Alcuni di loro sono rimasti rinchiusi per oltre 48 ore in un’area colpita dai pesanti scontri senza avere accesso al cibo.

Coloro che sono stati rilasciati non hanno avuto altra scelta se non quella di fuggire nei quartieri vicini correndo il rischio di essere vittime del fuoco incrociato.
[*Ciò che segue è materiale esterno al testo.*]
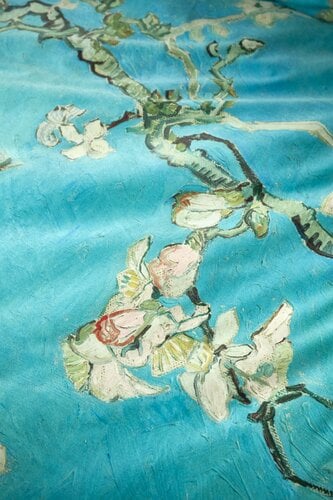 Beddinghouse Beddinghouse x Van Gogh Museum Dekbedovertrek Almond Blossom de Velours Blauw 140x200/220 cm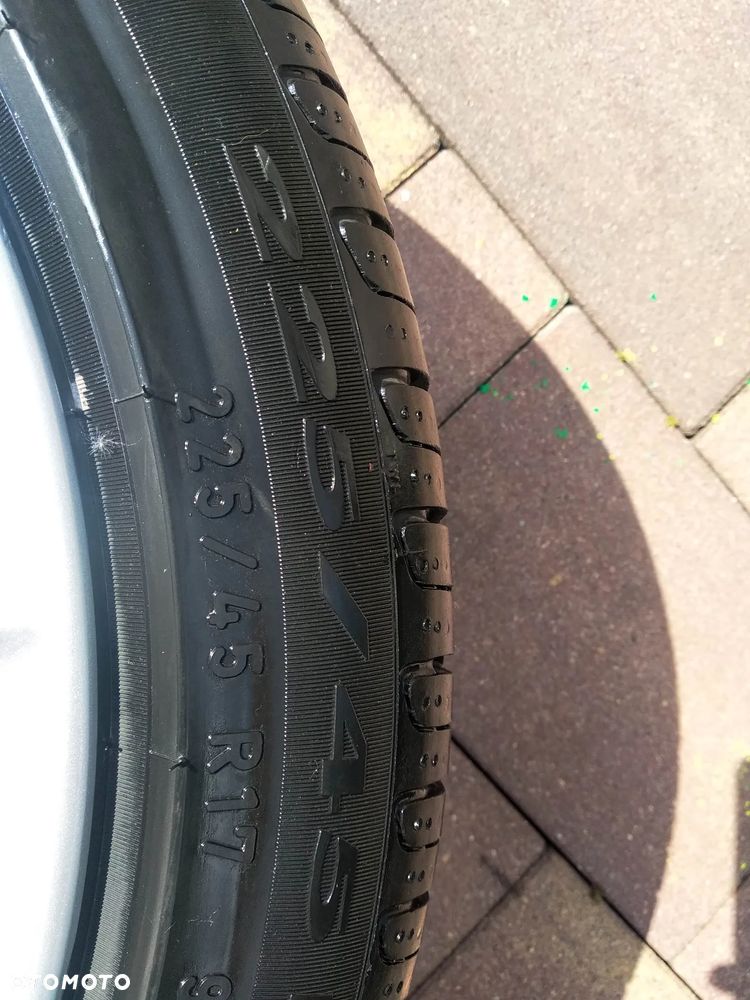 Alufelgi 17 cali opony dot2024 BMW Mpakiet  letnie Pirelli F20 E90 E91 E92 E46 - 6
Questo è quanto ha dichiarato Ibrahim Younis, Capomissione in Libia della Ong:

«I recenti scontri dimostrano come la Libia non sia un luogo sicuro per i migranti, rifugiati e richiedenti asilo. Molti sono fuggiti da paesi devastati dalla guerra o hanno trascorso mesi detenuti in condizioni orribili nelle mani dei trafficanti di esseri umani prima di essere trasferiti in questi centri di detenzione.Queste persone, già estremamente vulnerabili, si trovano adesso intrappolate in un altro conflitto senza la possibilità di fuggire. Non dovrebbero essere prigionieri semplicemente perché cercavano sicurezza o una vita migliore. Dovrebbero essere immediatamente rilasciati ed evacuati in un paese sicuro.»

Adesso, per l'Italia e l'Europa, si pone di nuovo, ed in maniera più pressante rispetto a prima la questione migranti, sia in relazione alla lor presenza in Libia, sia in relazione agli aiuti in mare.

Infatti, non è illogico ritenere che il caos potrebbe far di nuovo aumentare il numero di coloro che cercheranno di fuggire dall'Africa attraverso il Mediterraneo.